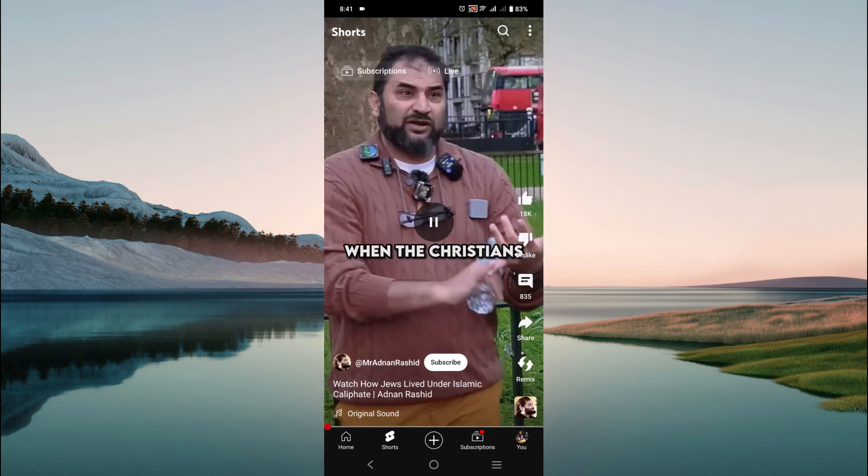Let's assume that I'm going to see this short's description. As you can see, there is no direct option to see the description. To do that, click the three dots on the top right section.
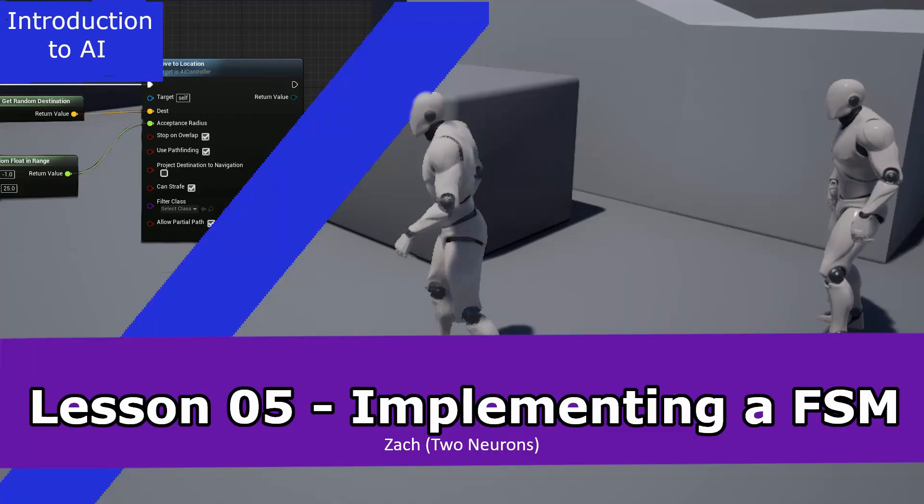Hey everyone, Zach here, and welcome to lesson 5 of this introduction to AI. In this video, we'll be implementing a finite state machine. In particular, we'll begin by implementing three unique states that our AI can be in. In the following video, we'll implement the transitions between these states. That said, fire up your editor, and let's get started.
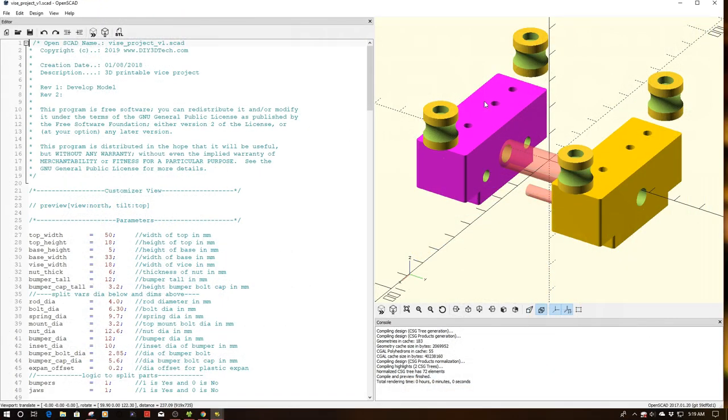Welcome to this episode of OpenSCAD by DIY3Dtech.com. In this episode I want to share this little vice project with you.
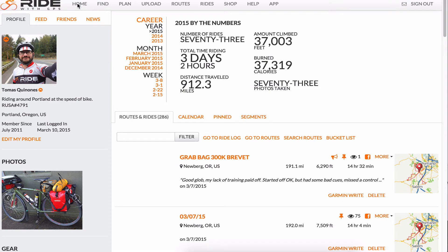Hello Riders! Welcome back to Ride with GPS. In this video I'm going to show you the Ride Center, which is a feature for premium and basic subscribers. To get to it, click on Rides at the top of the website.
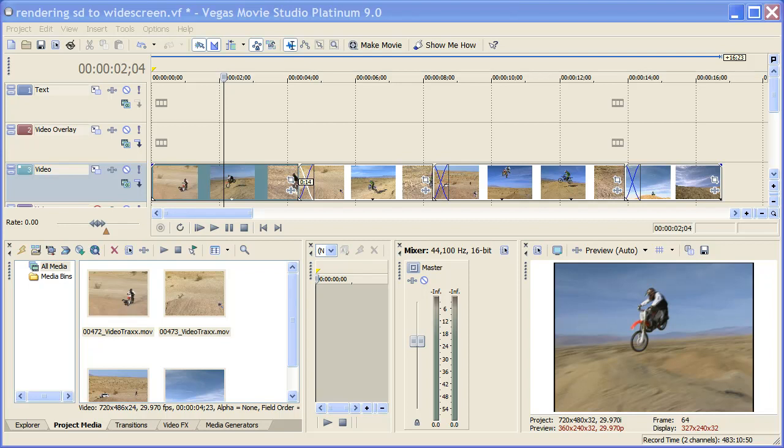Hi, this is Bill Myers and this is another one of my video tips for Sony Vegas Movie Studio. In this video tip I'm going to show you how to convert your standard definition videos to widescreen for upload to YouTube. Let's get started.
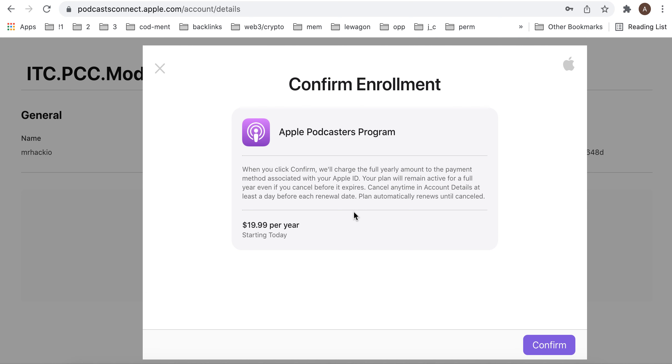And then you can start uploading and managing your Apple Podcasts through this program.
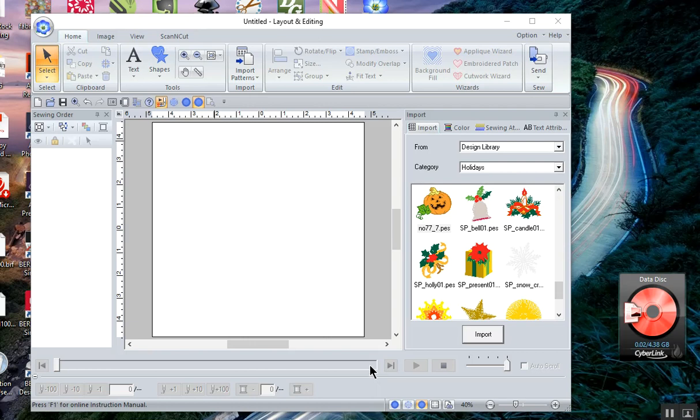Hi everyone, this is Terry. I wanted to show you how to set up your software to communicate with your machine. I received PE design as part of a bundle with the purchase of the Luminaire, and the Luminaire has the ability to transmit wirelessly.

• Exercise brief:
In the listing above, the required lines run from the line with "Hello Riders! Welcome" through the line with "And then you". Output exactly those lines, omitting pictures.

• Task output:
Hello Riders! Welcome back to Ride with GPS. In this video I'm going to show you the Ride Center, which is a feature for premium and basic subscribers. To get to it, click on Rides at the top of the website.
Hi, this is Bill Myers and this is another one of my video tips for Sony Vegas Movie Studio. In this video tip I'm going to show you how to convert your standard definition videos to widescreen for upload to YouTube. Let's get started.
And then you can start uploading and managing your Apple Podcasts through this program.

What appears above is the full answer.